Like many US institutions, we are largely a Research university - our instructors (and many of our students) are also researchers. So I felt that the claim that Instructors are wholly unfamiliar with research approaches to teaching and learning slightly jarring. True, they aren't applying ALL those techniques to their teaching, but they are doing some of them. (Post continues below...)
Their goal is to teach their course - they have no investment in any overarching strategy to educate more individuals on a massive scale. (In fact, little initiative exists at the University level for these ideas in the States.) Anything that helps them teach their course is good, anything that throws up barriers to teaching is bad. For them, the initial time investment in learning new tools is a barrier that distracts them from their real work: research.
(If you like, I made a cute diagram for this. Also, apologies to Ethan Ehrenburg who first articulated this.)
Their goals are to get tenure and prestige, and to do that, they need to do research, then publish. Teaching could almost be seen as a chore, something that merely pays the bills. I admit, this is a slightly cynical view, but I think it really helps to articulate why our teachers are risk-adverse when it comes to teaching with technology. When it's 1 AM, they need some that they know will "work" for them.

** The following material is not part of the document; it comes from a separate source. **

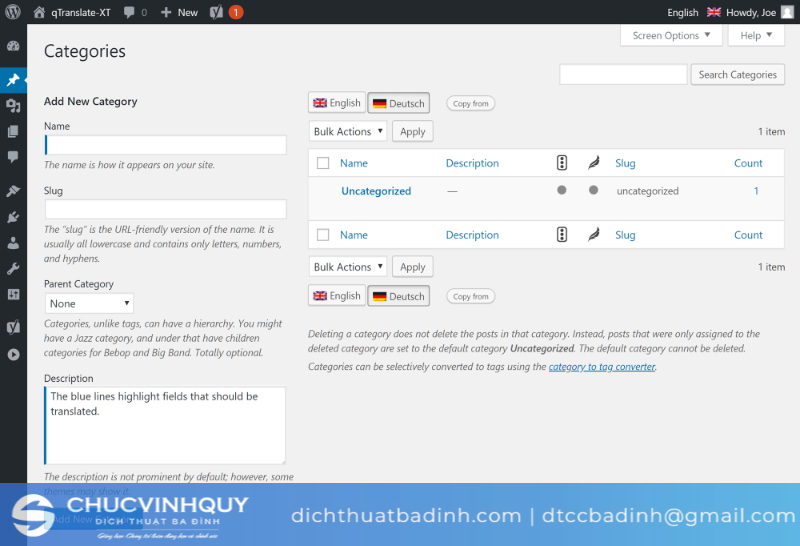 Giao diện Qtranslate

Our challenge is in convincing instructors/faculty/teachers to actually use the technology tools we provide. I think the angle for us is to help these instructors to be agents of change when it comes to teaching with technology by emphasizing to them that they can get more accomplished with less teaching and prep time by shifting their teaching approach away from lecture and more towards online tools. Diana Laurillard's tool and approach is the perfect way to show instructors exactly how this bears out.
One last thing: I thought it was interesting she referred to the instructors as "lecturers" at the end - isn't the whole point that instructors are much, much more than just lecturers and they need to get away from the reliance on the time-consuming lecture-based approach of teaching?
Comments (2)
Hi Nicola,
Really intersting post - I agree entirely that this is a large part of what is stopping people at research Universities take risks with teaching.
Just FYI, though, 'lecturer' is the standard 'correct' word here in the UK, even if lecturing is not what they're actually doing - we usually translate to 'instructor' when talking to US colleagues, but we would never refer to our colleagues as 'instructors' and I think some people would be very upset if they heard this term!
Harriet
Posted by Harriet Truscott | July 2, 2008 11:19 AM
Posted on July 2, 2008 11:19
Thanks for that info, Harriet.
It's funny, we're always careful to say "Instructor" because many classes are taught by Grad Students and Faculty would be horrified if we referred to those Grad Students as "Faculty."